Traduction partielle d'un article de Pavin Chachavalpongpun (certains passages pouvant briser la loi 112 n'ont pas été traduits et ont été remplacés par le pointillé suivant: [...])
Lien de l'article original en anglais:
L'armée thaïlandaise a affirmé que le coup d'Etat qu'elle a organisé le 22 mai était nécessaire pour rétablir la paix et l'ordre dans le pays. En réalité, l'intervention militaire n'a restauré ni la paix ni l'ordre. Au lieu de cela, ce qui remplace l'incertitude politique est un climat de peur.
L'organe directeur de la junte, le Conseil National pour la Paix et l'Ordre, a commis des violations flagrantes des droits de l'homme. Il a publié une série de commandes, en convoquant des centaines de personnes provenant de divers milieux, y compris ceux proches du gouvernement déchu de la Premiere ministre Yingluck Shinawatra, et ceux qui critiquent les putschistes.
Des politiciens, des militants politiques, des personnalités des médias ainsi que des membres d'organisations de la société civile ont été citées à comparaître devant les autorités, sans raison apparente. Ils peuvent être détenus pendant sept jours. Certains ont été libérés et certains ont été accusés de divers méfaits. Ils devaient tous passer par le tribunal militaire sans avocats pour les représenter.

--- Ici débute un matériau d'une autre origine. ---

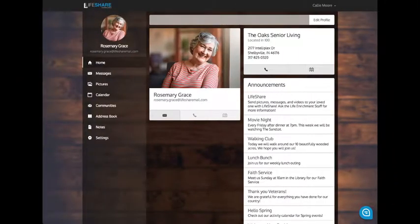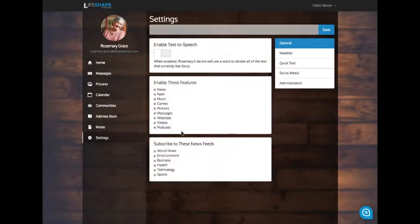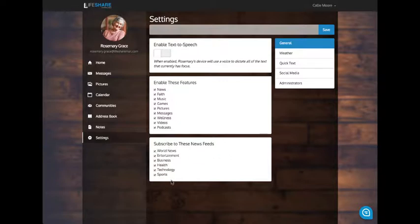As a family manager, to change the settings for your loved one's news channel, all you have to do is log into your family manager account through the web-based admin or through the Lifeshare Family Mobile app. Once you've logged in, navigate down to the settings section, and then where it says subscribe to these news feeds, you can designate which ones you want your loved one to be able to receive. If you don't want them to receive world news or health, uncheck those boxes and make sure that you click save.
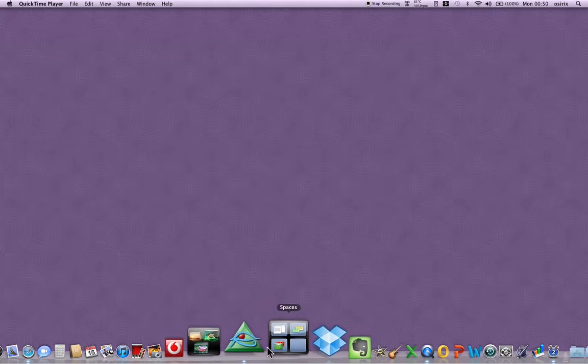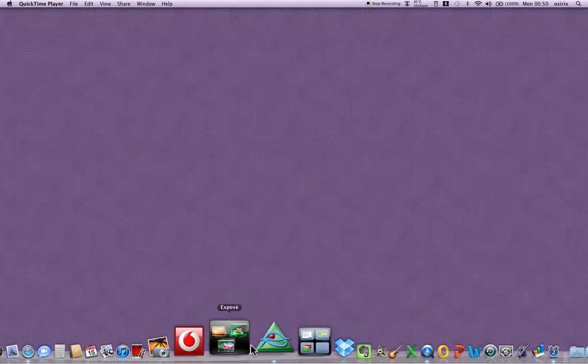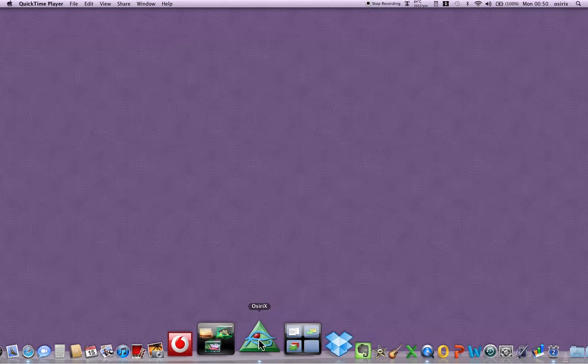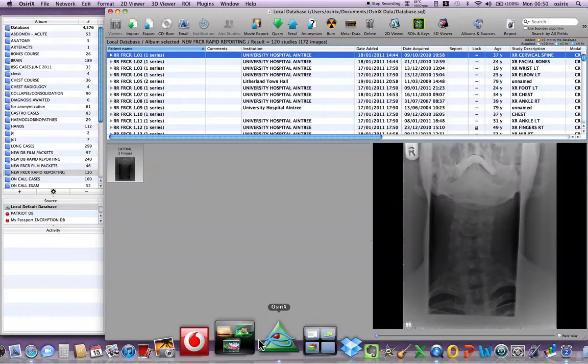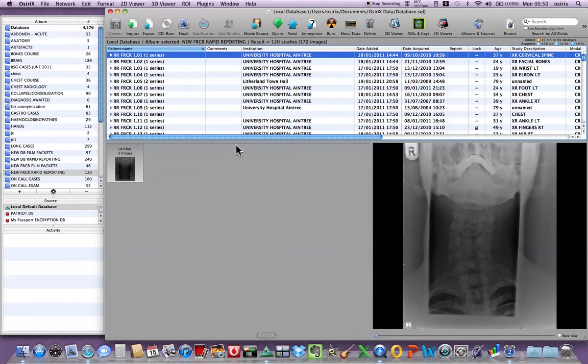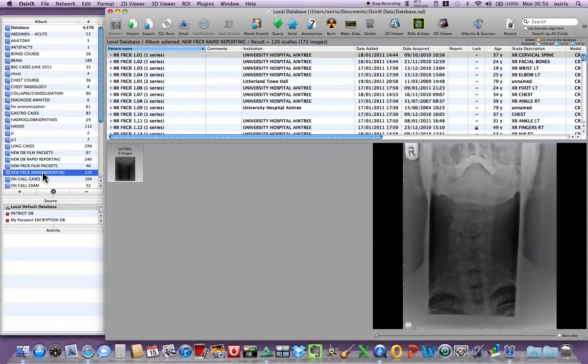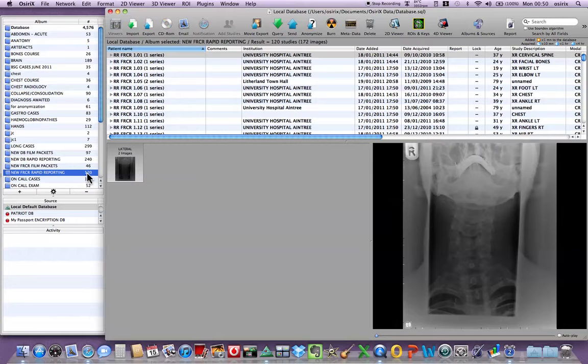It sits on the dock as a green icon. I'm going to press that. This is the database window and what I have done is I've compiled the rapid reporting films in an album which contains 120 cases. So this album has got four packets each containing 30 cases.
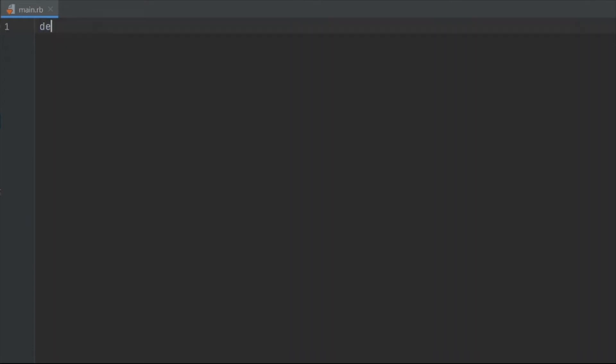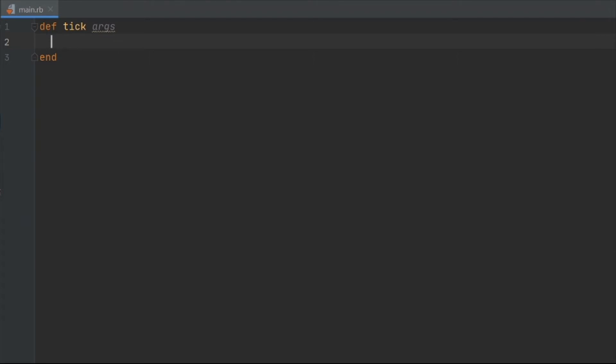Now that you have finally caught up, write DEF TICK ARGS and directly underneath it, write END. We are basically defining the main entry point for DragonRuby, and since ending a function block requires the END keyword, we went ahead and did so. Create a line space in between the DEF and END lines. Within that spacing, write x_position set to be 100. We are creating this variable to store the horizontal position of the object.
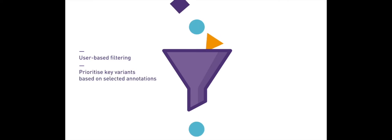With SNPnexus, users can quickly and easily apply complex filtering steps to prioritize key variants based on the annotation categories selected.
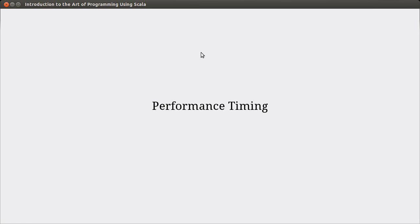Welcome back to the video lecture series for Introduction to the Art of Programming using Scala. We've been talking about doing sorts and searches, and as an aside topic, it would be good to talk about how you can actually measure the performance of things.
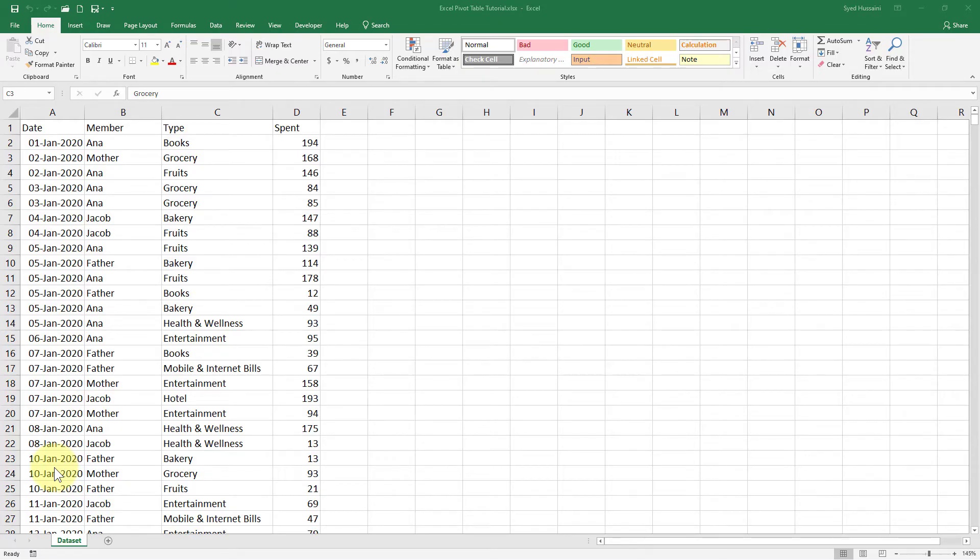Hello and welcome to another episode of Excel Learning Series with Syed. In this episode, we will take a look at what a pivot table is and how we can build a new pivot table using a data set in Excel.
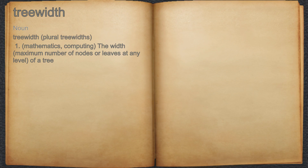Tree Width. Noun 1. Mathematics, computing: the width, meaning the maximum number of nodes or leaves at any level of a tree.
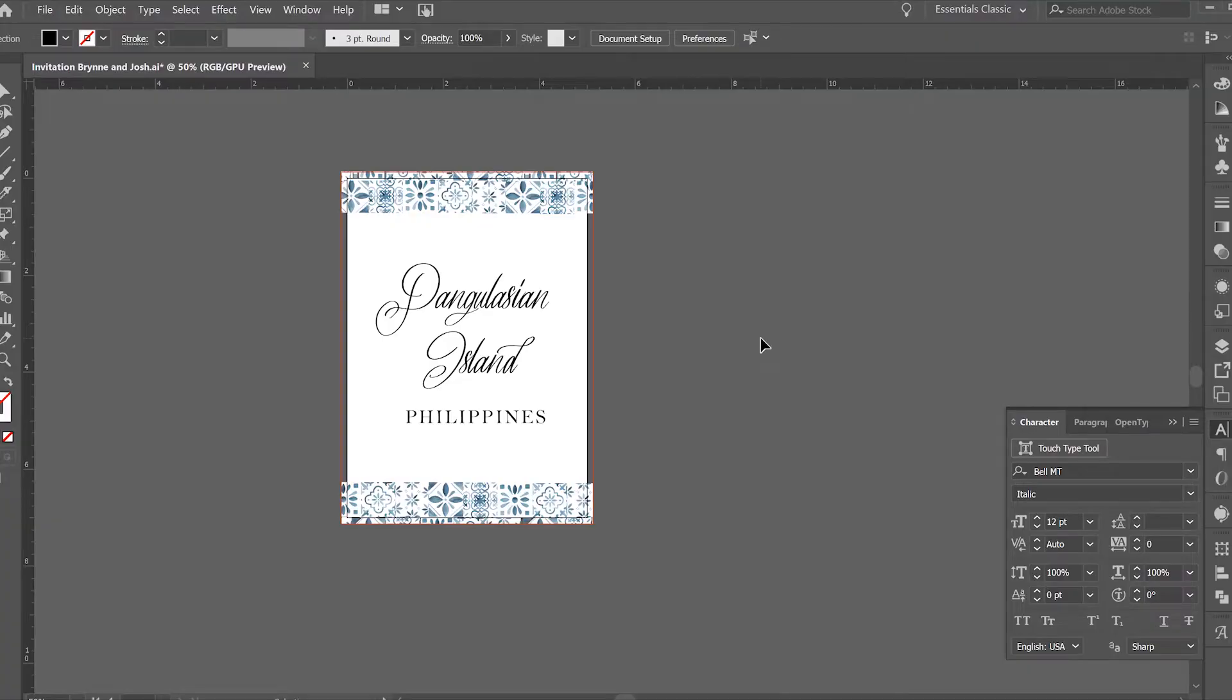Hi everyone, so today I'm going to show you the easy quick way to create printed table numbers no matter what your layout or design is.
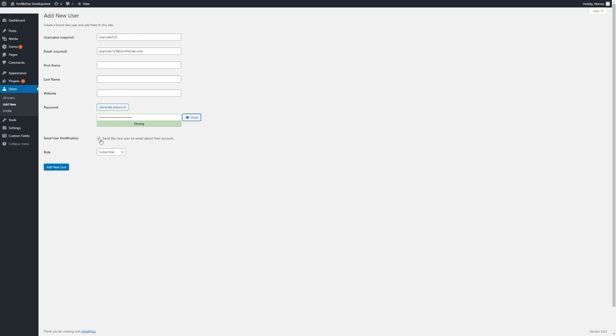We have the option here to send a new user notification to the email that we have in place. This will automatically send a link for the user to log in, confirm their details and then set their own individual password.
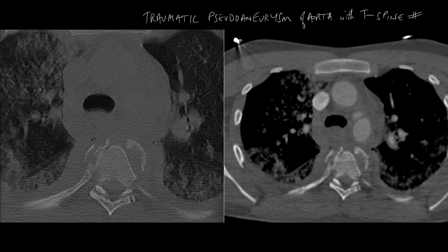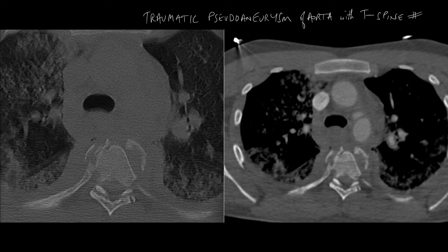This patient was a victim of a road traffic accident and you can see clearly that there is a pseudoaneurysm arising from the undersurface of the aortic arch. Note also the severe mediastinal hematoma and the associated thoracic spine fracture. There's no doubt in this case that this is a pseudoaneurysm.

Pour la première fois depuis longtemps, des universitaires ont eux-aussi été convoqués par la junte. Des critiques connus du gouvernement ou de la politique ont été harcelés et détenus. Les personnes libérées ont été contraintes de signer un contrat affirmant qu'elles ne participeraient pas à des activités politiques ni ne diffuseraient à nouveau leurs opinions politiques. Certains universitaires ont quitté la Thaïlande par peur d'être emprisonnés.
Mon nom est sur la liste des personnes recherchées par la junte. Depuis le coup d'Etat, j'ai critiqué l'armée. J'ai rejeté la légitimité du coup d'Etat et ai refusé de me déclarer à l'armée. Je ne vais pas obéir à des despotes. Par conséquent, le 13 Juin, un mandat d'arrêt a été émis contre moi. Je suis maintenant officiellement un fugitif.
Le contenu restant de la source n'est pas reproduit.